6.登米流マチと時間の描き方(齋藤理一郎)

 2013年9月23日ソワレにてキリンバズウカ『マチワビ』を観ました。会場は東京芸術劇場シアターイースト。

 冒頭、ラジオのDJに導かれて、華やかで夢に満ちた美しいテーマパークの開園シーンが描かれて。でもその施設はすぐに潰れてしまったという。

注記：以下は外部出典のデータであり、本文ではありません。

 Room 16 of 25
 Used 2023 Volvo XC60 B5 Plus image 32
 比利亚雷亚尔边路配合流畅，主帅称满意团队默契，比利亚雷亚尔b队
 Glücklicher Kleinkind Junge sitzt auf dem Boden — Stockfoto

 その、本来は立ち入り禁止だというテーマパーク跡での男女の会話から物語が始まります。舞台には高低を持ったいくつかのエリアがあって、中央の一番大きなエリアは回り舞台。その舞台がまわってシーンは野外の風景から女性の家へと移り、その家の長女と三女、冒頭の男を連れ帰った次女と彼女を慕うパン屋の男と、三姉妹と彼女たちを取り巻く人物たちの姿や関係が少しずつ切り出されていく。ラジオスタジオや姉妹たちの家から、長女が働く映画館に隣接した上手の喫茶店や下手の交番へと物語が広がり、紡がれたエピソードたちが歩みを始めて。役者の会話に加えて、DJの音声として差し入れられる情報や、突然に天の声のように降りてくるナレーションが更に物語の輪郭を描き出す。家族のために何かを諦めた長女、次女の予知夢の能力やそのことで彼女が幼いころに全国的に有名であったこと、次女にたいしての三女の嫉妬心、バイバス沿いで見つかった1000万円の話、喫茶店のマスターの長女への想いや次女へのパン屋の青年のあからさまな恋慕の情、次女を取材にきた長女の同級生とその夫の関係…、紡がれていくエピソードたちがどこか寂れかけた地方都市の息遣いのように舞台を満たしていきます。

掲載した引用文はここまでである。